Google cloud Fails during maintenance

“Two normally-benign misconfigurations, and a specific software bug, combined to initiate the outage.”
Incident #16 at Google on 2019/06/02
Full report https://status.cloud.google.com/incident/cloud-networking/19009
How it happened Maintenance event begins in a single location. Due to a misconfiguration automation software then descheduled the logical clusters running network control jobs (which should not have been configured to be stopped during such a maintenance event) in multiple locations (not just the location of the event). The network continued to run normally until BGP routing (between particular locations) was withdrawn, significantly reducing network capacity.
Architecture Google Cloud regional datacenters each segregated into multiple logical clusters which each have their own dedicated cluster management software (for redundancy). The network control plane is managed by different instances of the same management software.

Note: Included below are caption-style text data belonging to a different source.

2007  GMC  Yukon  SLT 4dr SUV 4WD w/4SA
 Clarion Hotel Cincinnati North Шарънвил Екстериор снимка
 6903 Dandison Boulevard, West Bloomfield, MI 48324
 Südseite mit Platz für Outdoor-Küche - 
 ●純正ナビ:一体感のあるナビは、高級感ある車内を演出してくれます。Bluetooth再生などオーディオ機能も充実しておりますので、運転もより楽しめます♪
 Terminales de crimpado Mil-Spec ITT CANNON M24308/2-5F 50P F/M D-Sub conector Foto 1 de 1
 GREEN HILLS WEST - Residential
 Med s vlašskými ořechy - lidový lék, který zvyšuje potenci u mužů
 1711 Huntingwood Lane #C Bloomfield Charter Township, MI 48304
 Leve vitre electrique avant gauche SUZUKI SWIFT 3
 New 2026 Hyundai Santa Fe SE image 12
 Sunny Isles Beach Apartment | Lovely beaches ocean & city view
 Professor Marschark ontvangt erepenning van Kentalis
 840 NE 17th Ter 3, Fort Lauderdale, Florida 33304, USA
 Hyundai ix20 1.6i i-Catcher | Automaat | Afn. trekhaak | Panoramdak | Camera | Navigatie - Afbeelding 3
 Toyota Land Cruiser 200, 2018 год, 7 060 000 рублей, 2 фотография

Technologies Google Cloud Platform (GCP)
Root cause Two latent misconfigurations: network control plan jobs and associated infrastructure were configured to stop during maintenance events, and network control plan management software were configured to be included in a rare maintenance event type; and a piece of maintenance software had a bug which led to it de-scheduling multiple software clusters at once.
Failure Network congession and packet loss.
Impact Customers experienced increased latency, intermittent errors, and connectivity loss to instances in multiple datacenters (leading to outages of services in those datacenters, unless they could redirect users to unaffected data centers).
Mitigation Stopped the automation software which precipitated the event and restarted the network control plane and its infrastructure. Network configuration data was rebuilt and redistributed. In the meantime, responders redirected traffic to unaffected datacenters.